You would think that on the third time around, I would be a pro. But let's be honest. When my first went to kindergarten, I had a potty training two year old and teething 5 month old at home. I didn't cry. I was grateful that she was finally getting the stimulation her little brain needed. It was full day kindergarten but we didn't know any different. She was my big kid. So I embraced all the newness of her school adventure.
The second time around, I didn't cry either. I still had a 3 year old at home, and it was only 3 hours. Honestly I barely had time to get home, start a load of laundry, and make a snack before we were headed back to the school to pick up my middle little.
This time....I am a hot mess. Hot. Mess. I haven't even taken her to the first day and I get a lumpy throat every time I think about it. Not her though. She has been counting down for almost a year. She has been wearing her owl backpack for almost a week straight. She's so excited to FINALLY be in school with her sisters. She reads chapter books and can figure out multiplication. She is ready. But me? I'm not ready. Yes, I have filled out the forms, bought new shoes, and planned for lunches. But truthfully, I want to hang on to her littleness just a while longer.
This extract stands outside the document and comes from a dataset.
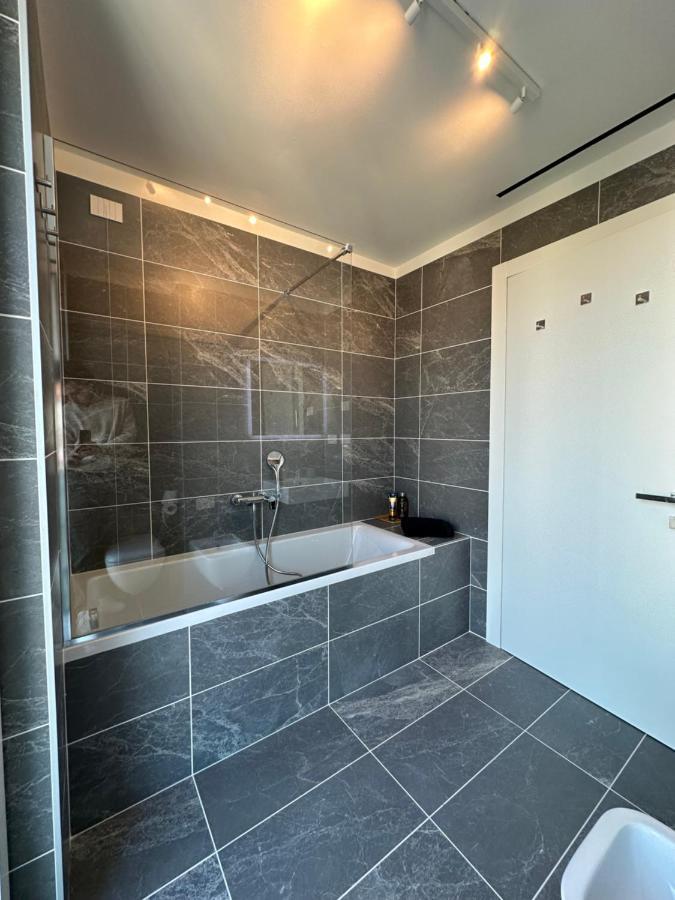 Torre Milano - Luxury Modern Flat Rooftop&Pool Екстериор снимка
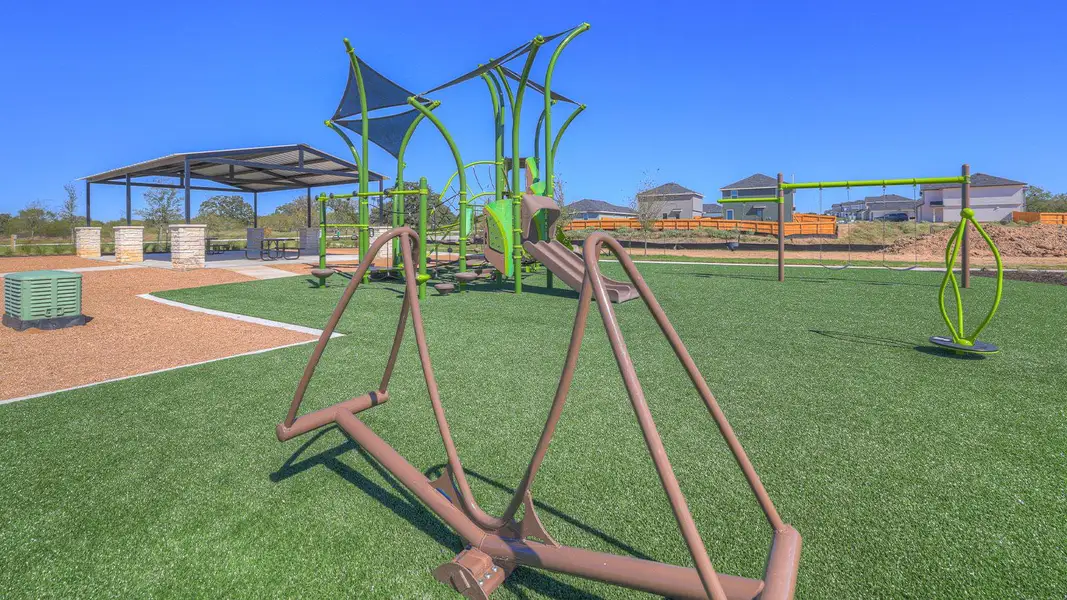 Community amenity available to residents of Ladera in Luling (Image 3).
Maybe it's because she has been with me every second of every day for over five years. Maybe it's because she has been my only buddy and my helper for two years. She has gone everywhere I have gone. She was with me when I argued about permits at city hall. She has emptied the dryer and folded clothes for me. She has sat in every shopping cart of every store I have gone to. We shared treats that we "didn't tell sisters about" for the last two years. Maybe it's because she has been the golden age for me. She's potty trained, buckles herself into her car seat, likes to do things for herself but knows when to ask for help, and she still loves to snuggle. Maybe it's because her kindergarten is all day. All. Day!
Maybe it's because, for the first time in 10 years, I will be alone. Each year that I have experienced the first day of school, I have left the campus with someone in tow, holding my hand. But this year when I leave campus, I will be alone. It's not that I will miss my sweet baby any more than I have missed my other two, but it's different. It's the end of an era. There's an episode of "Friends" where Rachel is moving out of Monica's apartment and they start crying because, "It's the end of an era!" That's how I feel. It's the end of an era. An era of having my babies at home. None of my kids attended preschool. I figured I could prepare them for school. And honestly I didn't want to share my precious time with them with anyone else. I'm not the mom that counts down the days until school starts so I can have a break. I love when my kids are home. I love being with them.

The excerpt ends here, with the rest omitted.